**What the exercise asks:** When writing out the listing below, reproduce every word exactly and skip the pictures.

**Collected data:**

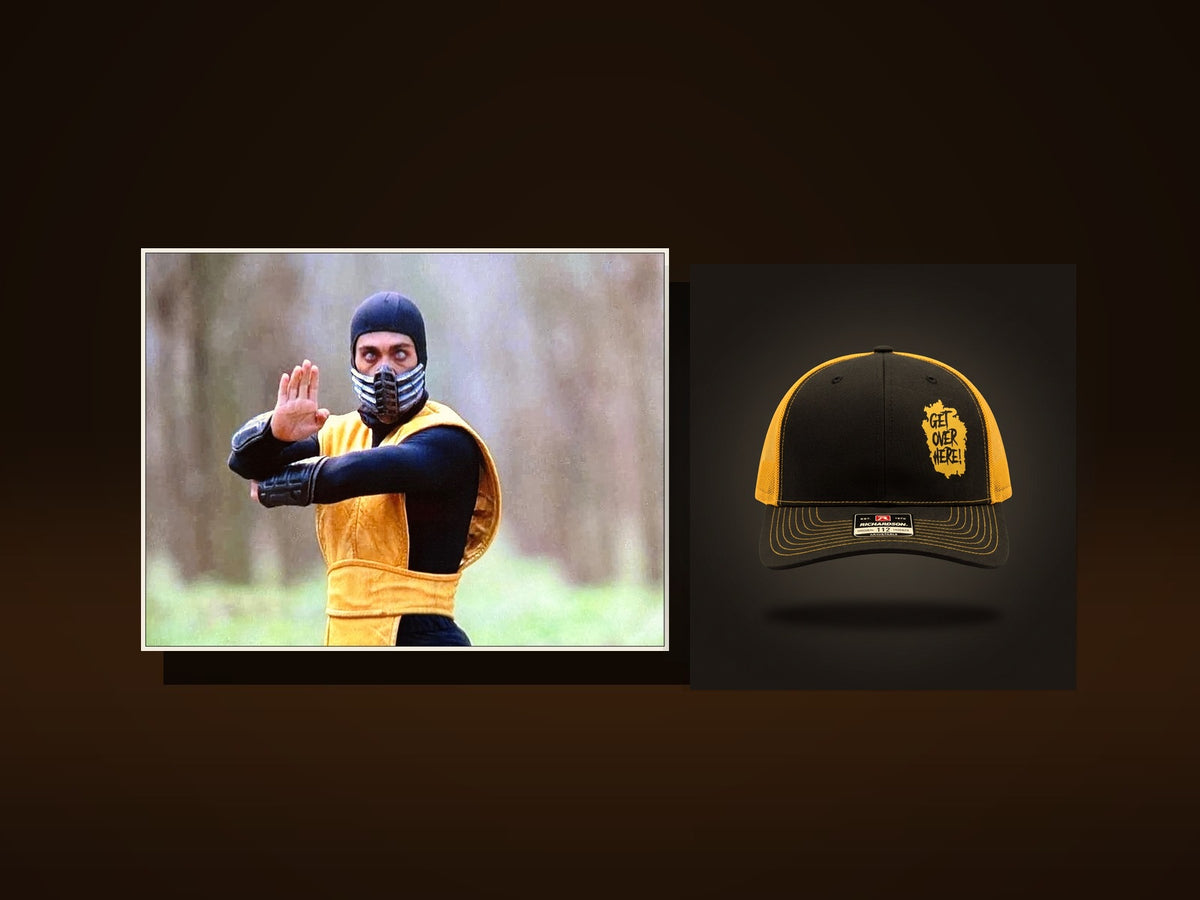 The Starter Pack: autographed horizontal 8x10 of Chris Casamassa as Scorpion next to the black and gold "Get Over Here!" Richardson trucker hat with gold mesh back
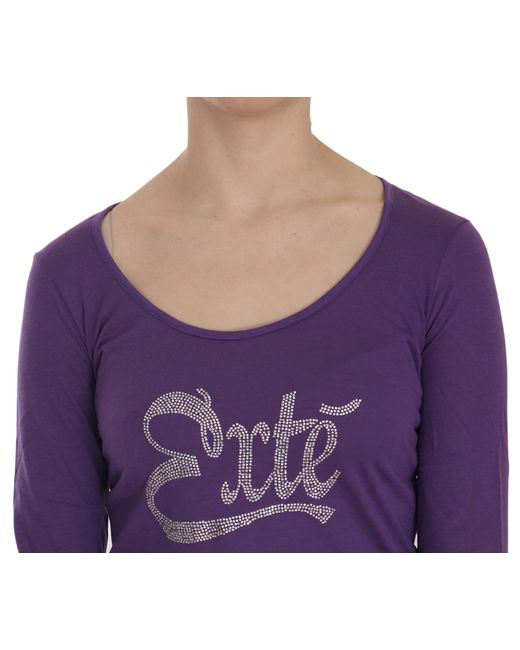 Exte Crystal Embellished Ls Casual Top Purple Tsh3908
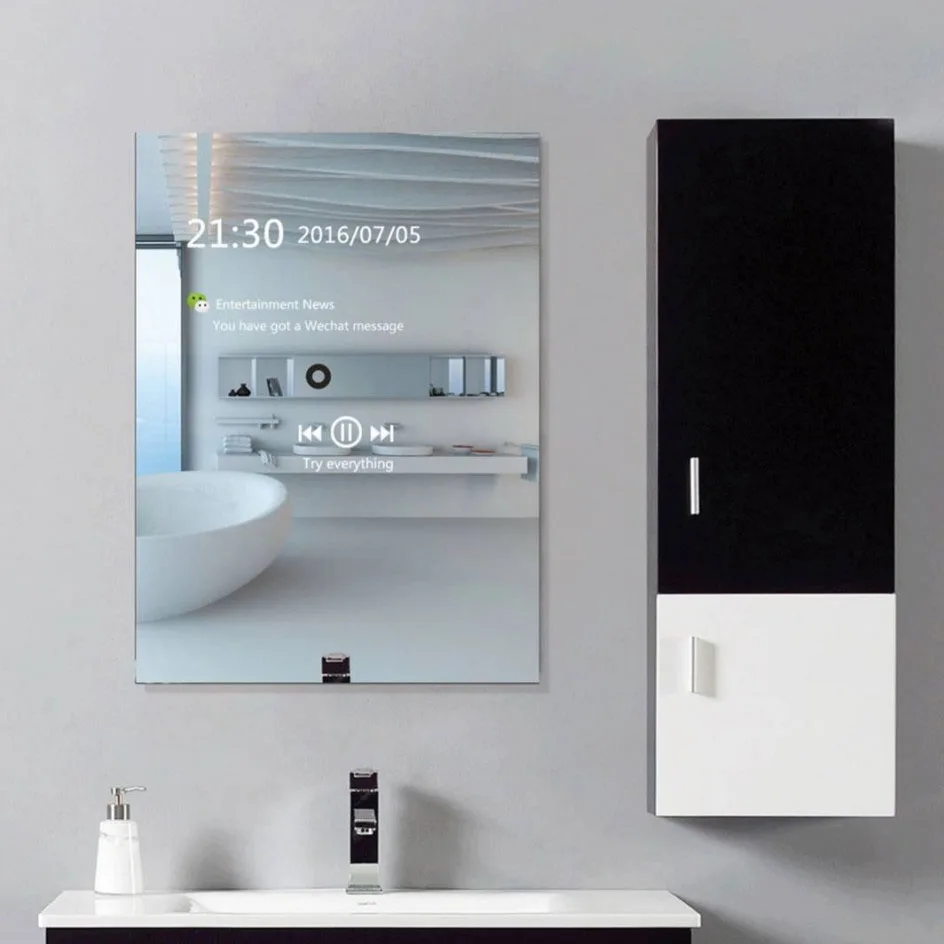 Modern Style Rectangular Time display Mirror Bathroom Smart Touch Android Smart Mirror WIFI Magic mirror lcd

**Solution to this task:**
 The Starter Pack: autographed horizontal 8x10 of Chris Casamassa as Scorpion next to the black and gold "Get Over Here!" Richardson trucker hat with gold mesh back
 Exte Crystal Embellished Ls Casual Top Purple Tsh3908
 Modern Style Rectangular Time display Mirror Bathroom Smart Touch Android Smart Mirror WIFI Magic mirror lcd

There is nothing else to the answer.